A series of concentric ellipses E₁, E₂, ................, E_n are drawn such that E_n touches the extremities of the major axis of _En-1 and the foci of E_n coincide with the extremities of minor axis of _En-1. If the eccentricity of the ellipses is independent of n, then the value of the eccentricity is

• A. $\sqrt{\frac{5}{3}}$
• B. $\frac{\sqrt{5}-1}{2}$
• C. $\frac{\sqrt{5}+1}{2}$
• D. $\frac{1}{\sqrt{5}}$

Answer 1

The correct option is B $\frac{\sqrt{5}-1}{2}$

The figure shows two ellipses $E_{n-1}$ and $E_n.$ The eccentricity is given to be indipendent of $n$, implies the ratio of minor axis to the major axis,is same for all the ellipses.

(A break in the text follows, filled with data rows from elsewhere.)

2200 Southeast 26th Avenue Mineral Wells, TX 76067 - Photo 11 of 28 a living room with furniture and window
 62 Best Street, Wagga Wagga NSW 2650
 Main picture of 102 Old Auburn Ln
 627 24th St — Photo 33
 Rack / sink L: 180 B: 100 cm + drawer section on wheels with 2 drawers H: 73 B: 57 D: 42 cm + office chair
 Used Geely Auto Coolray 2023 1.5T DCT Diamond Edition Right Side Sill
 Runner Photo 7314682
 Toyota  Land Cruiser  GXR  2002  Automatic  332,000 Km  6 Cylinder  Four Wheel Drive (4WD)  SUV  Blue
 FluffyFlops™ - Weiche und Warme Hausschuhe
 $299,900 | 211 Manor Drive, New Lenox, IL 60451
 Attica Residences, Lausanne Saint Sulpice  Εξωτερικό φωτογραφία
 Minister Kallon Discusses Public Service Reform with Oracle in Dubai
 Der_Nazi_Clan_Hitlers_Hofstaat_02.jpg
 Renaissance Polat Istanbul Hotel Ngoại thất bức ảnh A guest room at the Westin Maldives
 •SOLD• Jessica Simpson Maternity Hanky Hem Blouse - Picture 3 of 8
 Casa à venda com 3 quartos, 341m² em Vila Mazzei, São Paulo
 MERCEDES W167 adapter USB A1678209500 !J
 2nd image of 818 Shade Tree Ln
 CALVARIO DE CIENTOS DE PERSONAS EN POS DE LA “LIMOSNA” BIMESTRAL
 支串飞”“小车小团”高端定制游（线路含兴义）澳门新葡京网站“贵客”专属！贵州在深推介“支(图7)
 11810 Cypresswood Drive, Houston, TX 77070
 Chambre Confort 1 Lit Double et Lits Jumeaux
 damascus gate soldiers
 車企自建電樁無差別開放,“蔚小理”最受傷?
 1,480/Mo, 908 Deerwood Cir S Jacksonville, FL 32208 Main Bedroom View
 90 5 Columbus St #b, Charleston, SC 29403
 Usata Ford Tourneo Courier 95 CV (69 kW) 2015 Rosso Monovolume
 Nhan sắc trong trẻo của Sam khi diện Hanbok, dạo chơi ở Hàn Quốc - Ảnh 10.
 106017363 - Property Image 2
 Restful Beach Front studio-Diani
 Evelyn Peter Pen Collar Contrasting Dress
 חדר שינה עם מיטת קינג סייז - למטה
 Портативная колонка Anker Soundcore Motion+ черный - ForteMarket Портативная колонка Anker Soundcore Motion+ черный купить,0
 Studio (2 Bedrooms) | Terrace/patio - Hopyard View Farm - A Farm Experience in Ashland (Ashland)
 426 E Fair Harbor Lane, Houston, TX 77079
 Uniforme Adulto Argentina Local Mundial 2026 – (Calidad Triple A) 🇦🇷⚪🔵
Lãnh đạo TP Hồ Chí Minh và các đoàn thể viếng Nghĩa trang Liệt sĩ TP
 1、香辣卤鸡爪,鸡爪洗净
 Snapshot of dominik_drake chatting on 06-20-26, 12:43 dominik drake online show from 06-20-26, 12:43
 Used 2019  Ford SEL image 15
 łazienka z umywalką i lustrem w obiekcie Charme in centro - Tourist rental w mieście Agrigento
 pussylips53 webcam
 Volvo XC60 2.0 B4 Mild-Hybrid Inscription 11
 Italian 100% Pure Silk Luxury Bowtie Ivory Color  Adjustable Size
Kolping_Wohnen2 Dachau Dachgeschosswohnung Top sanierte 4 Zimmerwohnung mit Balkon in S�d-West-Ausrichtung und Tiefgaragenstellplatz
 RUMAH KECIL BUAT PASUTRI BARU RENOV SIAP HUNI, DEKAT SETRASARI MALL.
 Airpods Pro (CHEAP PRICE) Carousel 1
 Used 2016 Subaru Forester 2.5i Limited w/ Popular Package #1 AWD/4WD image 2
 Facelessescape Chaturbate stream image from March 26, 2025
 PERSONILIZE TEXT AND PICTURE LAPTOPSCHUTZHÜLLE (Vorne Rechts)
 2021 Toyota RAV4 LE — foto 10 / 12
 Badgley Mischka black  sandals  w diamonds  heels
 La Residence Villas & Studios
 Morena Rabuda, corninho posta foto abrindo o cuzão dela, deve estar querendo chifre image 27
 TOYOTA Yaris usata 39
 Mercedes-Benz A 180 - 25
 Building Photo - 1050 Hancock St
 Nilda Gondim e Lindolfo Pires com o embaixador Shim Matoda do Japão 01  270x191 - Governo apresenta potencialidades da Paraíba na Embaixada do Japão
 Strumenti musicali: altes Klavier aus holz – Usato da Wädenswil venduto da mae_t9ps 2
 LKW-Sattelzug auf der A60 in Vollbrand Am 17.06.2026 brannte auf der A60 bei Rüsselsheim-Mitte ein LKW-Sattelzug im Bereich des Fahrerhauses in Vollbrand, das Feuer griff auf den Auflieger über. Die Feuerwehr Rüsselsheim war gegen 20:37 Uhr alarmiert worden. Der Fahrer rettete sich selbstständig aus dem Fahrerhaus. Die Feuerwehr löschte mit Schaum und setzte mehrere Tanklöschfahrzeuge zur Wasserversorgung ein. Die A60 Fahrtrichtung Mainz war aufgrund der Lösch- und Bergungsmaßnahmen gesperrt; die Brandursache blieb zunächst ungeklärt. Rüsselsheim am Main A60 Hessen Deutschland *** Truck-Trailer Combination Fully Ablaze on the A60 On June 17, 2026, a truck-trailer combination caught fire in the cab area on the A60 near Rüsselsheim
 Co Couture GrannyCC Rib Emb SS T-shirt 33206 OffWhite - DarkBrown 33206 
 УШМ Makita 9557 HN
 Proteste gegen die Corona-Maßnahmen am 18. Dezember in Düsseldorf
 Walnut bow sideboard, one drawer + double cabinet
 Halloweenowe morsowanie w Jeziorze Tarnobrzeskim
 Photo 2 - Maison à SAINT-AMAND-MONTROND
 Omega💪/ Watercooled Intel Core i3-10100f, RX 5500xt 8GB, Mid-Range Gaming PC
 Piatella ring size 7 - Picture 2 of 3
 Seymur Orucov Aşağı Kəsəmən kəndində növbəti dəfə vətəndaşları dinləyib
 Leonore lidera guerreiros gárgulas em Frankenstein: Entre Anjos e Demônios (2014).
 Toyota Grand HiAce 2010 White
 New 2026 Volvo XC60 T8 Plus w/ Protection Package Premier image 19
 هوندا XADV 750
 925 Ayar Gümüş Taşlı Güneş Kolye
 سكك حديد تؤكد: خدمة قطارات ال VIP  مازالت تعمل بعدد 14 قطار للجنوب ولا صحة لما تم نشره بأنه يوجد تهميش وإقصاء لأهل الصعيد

For ellipse $E_{n-1}$, let minor-axis $=b$, major-axis$=a.$
For ellipse $E_n$, we have minor-axis$=a,$ major-axis $=\frac{OB}{e}=\frac{b}{e}$
$[B$ is the focus of $E_n]$
Assuming $e$ to be the eccentricity. Thus, we have $\frac{b}{a}=\frac{a}{b/e}$
i.e. $e=\frac{b^2}{a^2}=1-e^2$
i.e. $e^2+e-1=0$
i.e. $e=\frac{\sqrt{5}-1}{2}$ $[e\text{must be}+ve]$